Supervisor Mistake Leaves me with No PhD After 4 years

posted
16-Sep-15, 09:09
edited about 4 seconds later
Avatar for Albatross1986
posted about 4 years ago
My main supervsior, using XRD, told me a material I had produced, tested and had working for gas separation was the material I was expecting. On the basis of this I was able to produce the first of 4 papers in a high impact journal (accepted). My second paper was rejected because the reviewers stated the material was incorrect (although they said the data was very interesting and novel).

After checking with the XRD department, my supervisor told me it wasn't the material I was expecting, so I have lost the 2nd paper, will lose the 3rd and 4th paper and will have to withdraw my 1st paper. My thesis is based is based on my papers and I had planned an extensive literature review as a separate publication.

Essentially I have nothing after 4.5 years of hard work.

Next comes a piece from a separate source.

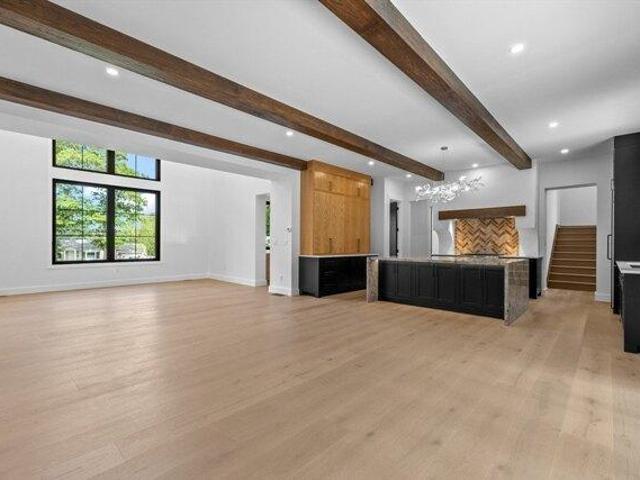 house with 5 bedroom, Andover MA ES105352011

I could go on about my supervisors lack of ethics etc, but there's no point (he sent me to a conference with falsified data, amongst other things).

What's next?

Should I quit and find a new PhD (it will be pointless reporting him) and if so, how do i explain my lack of anything substantial after 4.5 years?

TIA
posted
16-Sep-15, 10:12
edited about 16 seconds later
Avatar for TreeofLife
posted about 4 years ago
It's really your responsibility to ensure your data are correct, not your supervisor's. I think you need to discuss this with your supervisor or head of department regarding whether you will have enough to submit for. PhD with the incorrect data.
posted
16-Sep-15, 10:16
edited about 2 minutes later
by Dunham
Avatar for Dunham
posted about 4 years ago
Really sorry to read that. I can't imagine how that must feel.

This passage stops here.